Directions:
Copy the listing exactly, leaving out every picture.
━━━ Extracted information ━━━
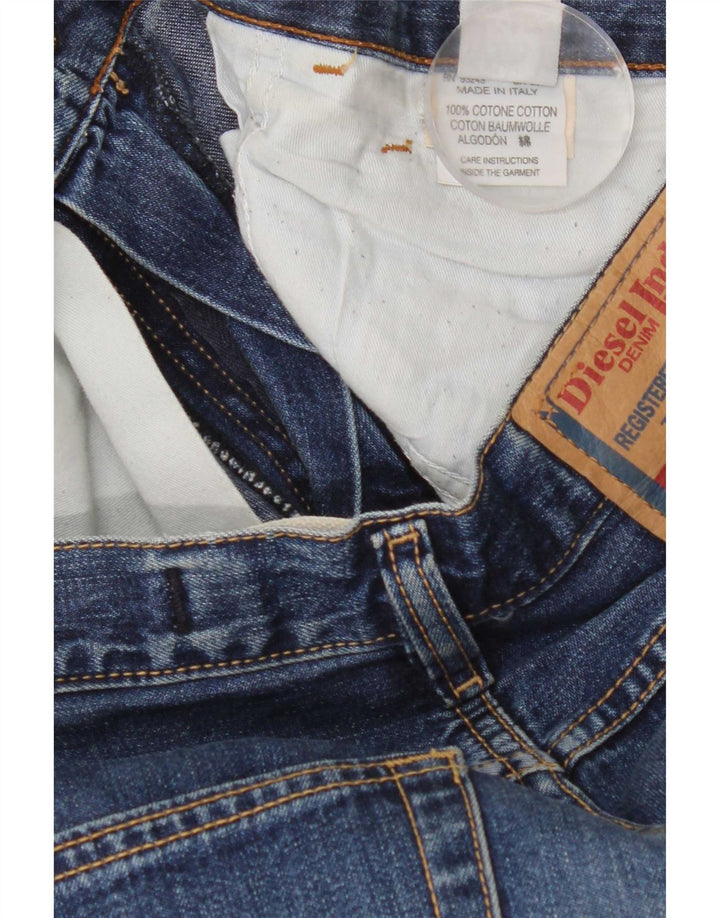 Diesel Masculino Bootcut Jeans W32 L33 Azul Algodão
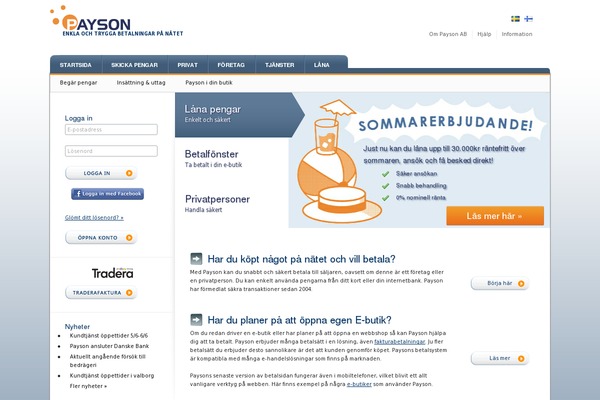 payson.se site used Paysonnew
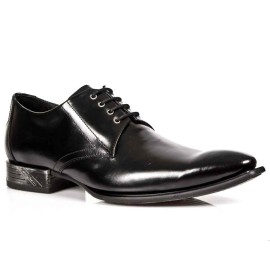 New Rock - M.2243-C11 - Black Elegant Shoes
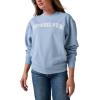 Women’s Drop Out Crewneck Sweatshirt(Dusty Blue)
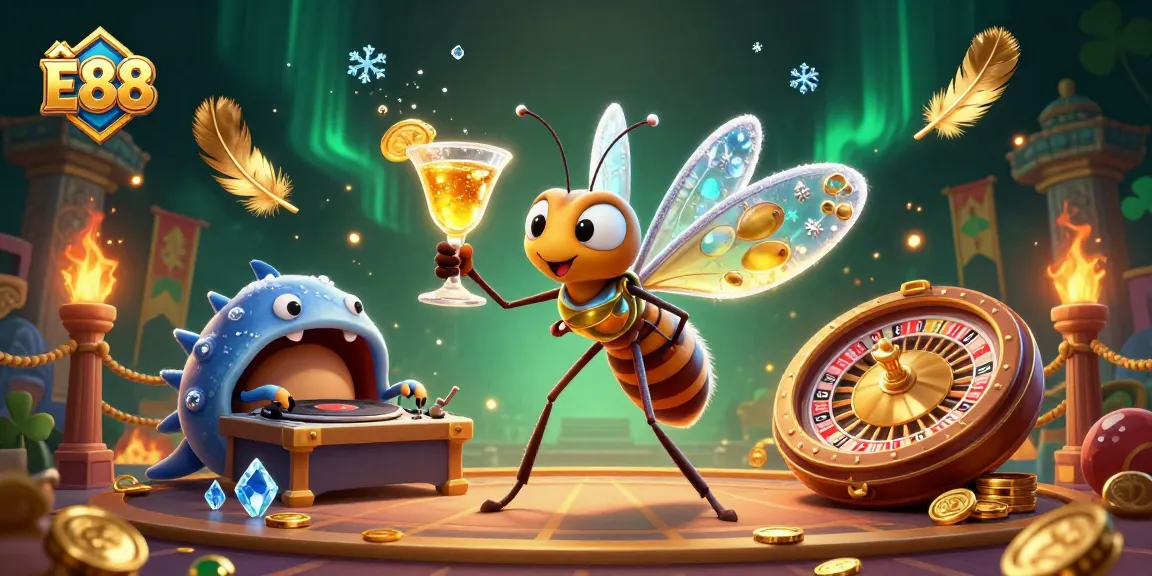 Experience thrilling 3D action with Ê88's exclusive casino mascot and spinning roulette wheel.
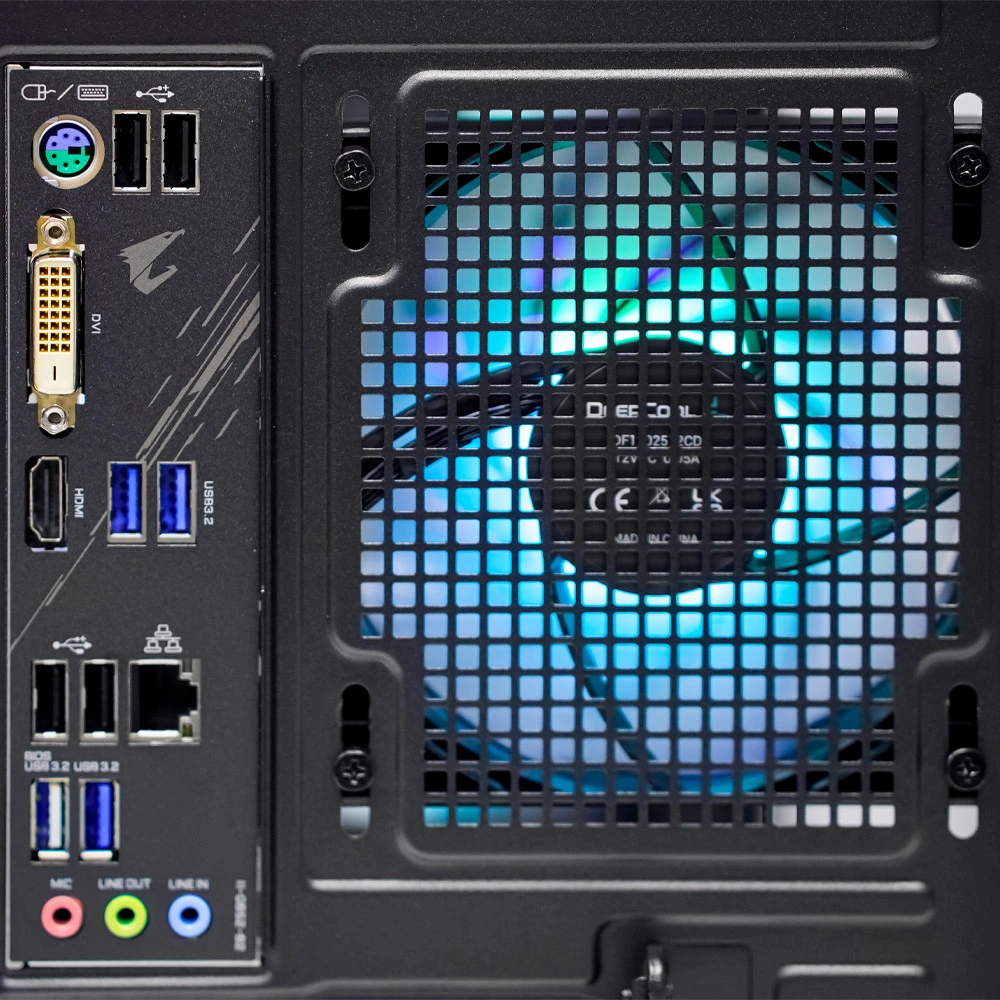 Системный блок CORE M (CH360 Ryzen 5 5600, 32Гб DDR4, RTX5060, SSD 1Тб M.2, Gigabyte B550M, 650Вт). Фото 6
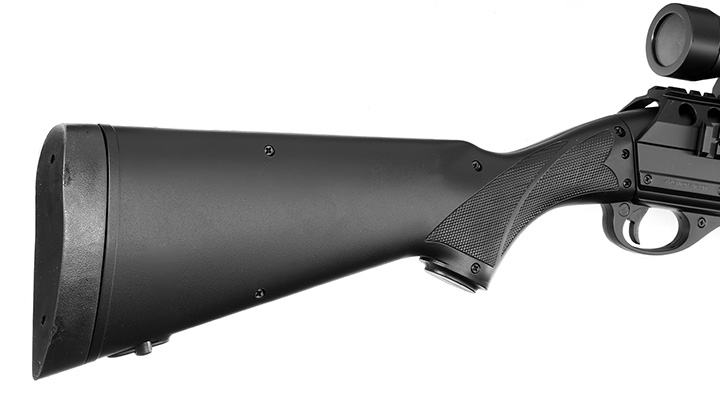 D.E. M3000 Gewehr-Shotgun inkl. Red-Cross Zielgert Springer 6mm BB schwarz Bild 8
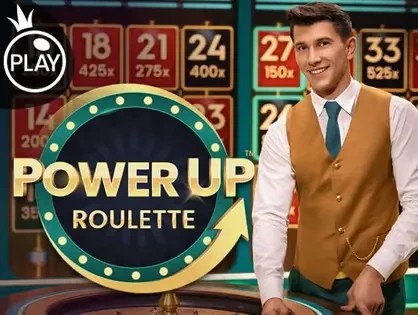Power UP Roulette logo by Pragmatic Play at Mr Punter Casino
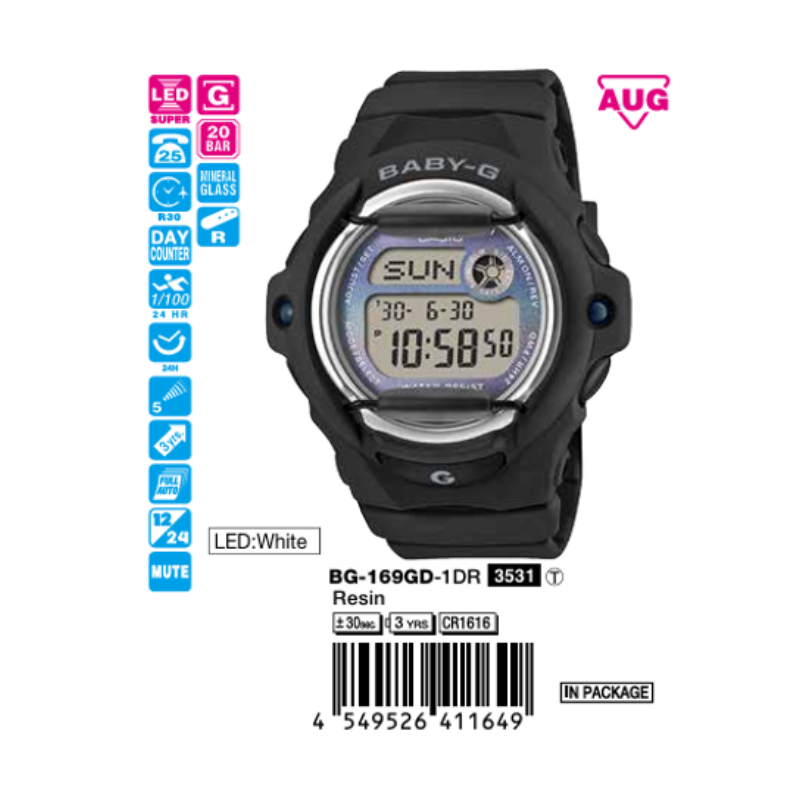 Casio Nữ BG-169GD-1DR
━━━
Expected answer:
 Diesel Masculino Bootcut Jeans W32 L33 Azul Algodão
 payson.se site used Paysonnew
 New Rock - M.2243-C11 - Black Elegant Shoes
 Women’s Drop Out Crewneck Sweatshirt(Dusty Blue)
 Experience thrilling 3D action with Ê88's exclusive casino mascot and spinning roulette wheel.
 Системный блок CORE M (CH360 Ryzen 5 5600, 32Гб DDR4, RTX5060, SSD 1Тб M.2, Gigabyte B550M, 650Вт). Фото 6
 D.E. M3000 Gewehr-Shotgun inkl. Red-Cross Zielgert Springer 6mm BB schwarz Bild 8
Power UP Roulette logo by Pragmatic Play at Mr Punter Casino
 Casio Nữ BG-169GD-1DR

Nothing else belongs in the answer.